Blogs > EUROPE IS BEGINNING TO GET IT.

Feb 25, 2005

EUROPE IS BEGINNING TO GET IT.



I am pasting the entire article because the FT is a subscription paper, so at times it is difficult to find the piece.

It is time for old Europe to turn back towards liberty
By Philip Stephens
Published: February 25 2005 02:00 | Last updated: February 25 2005 02:00

A thought for Europeans as George W. Bush returns to Washington. You can keep faith with your opposition to the Iraq war. You can hold on to the belief (as I do) that the US president's first-term foreign policy was recklessly unilateralist. You can remain true to the argument that global security depends on respect for the rule of law from the powerful as well as the weak. Now, stop and think. None of the above should leave Europe on the side of tyranny and stability in the contest with freedom and democracy. Instead of scowling when Mr Bush speaks of liberty, Europeans should recall who wrote the Declaration of the Rights of Man. Then they should deliver their own freedom speech.

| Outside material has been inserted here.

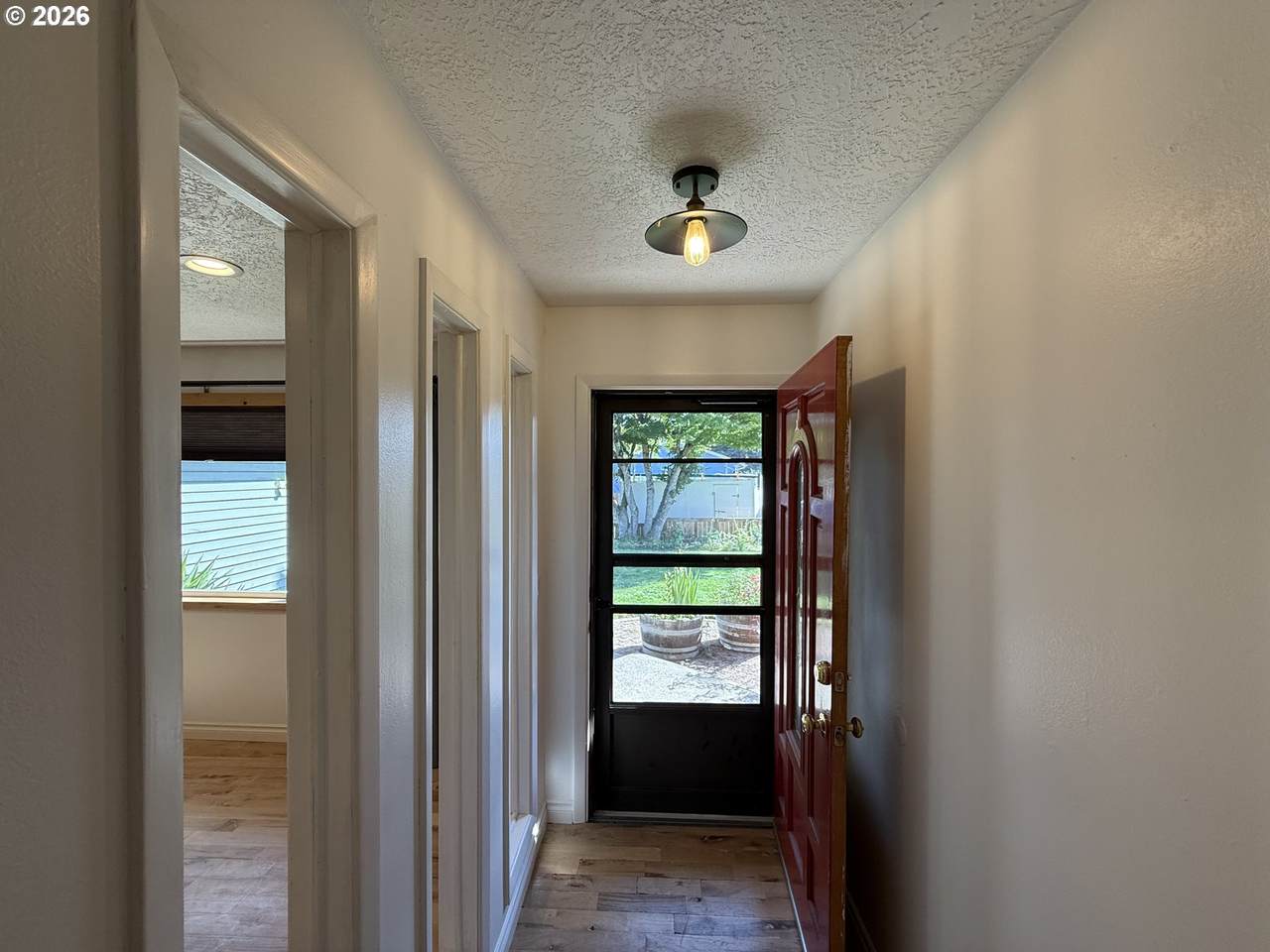 https://bt-photos.global.ssl.fastly.net/portland/1280_boomver_1_627698324-2.jpg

Two small episodes this week shone a light into the dark corner into which many in Europe have backed themselves. The first was the uncomfortable shuffling of feet in Brussels' Concert Noble banquet hall as Mr Bush set out America's strategic commitment to the advance of democracy. The second was the lukewarm reception from some leaders of "Old Europe" for Viktor Yushchenko, the Ukrainian president, at the subsequent Nato summit.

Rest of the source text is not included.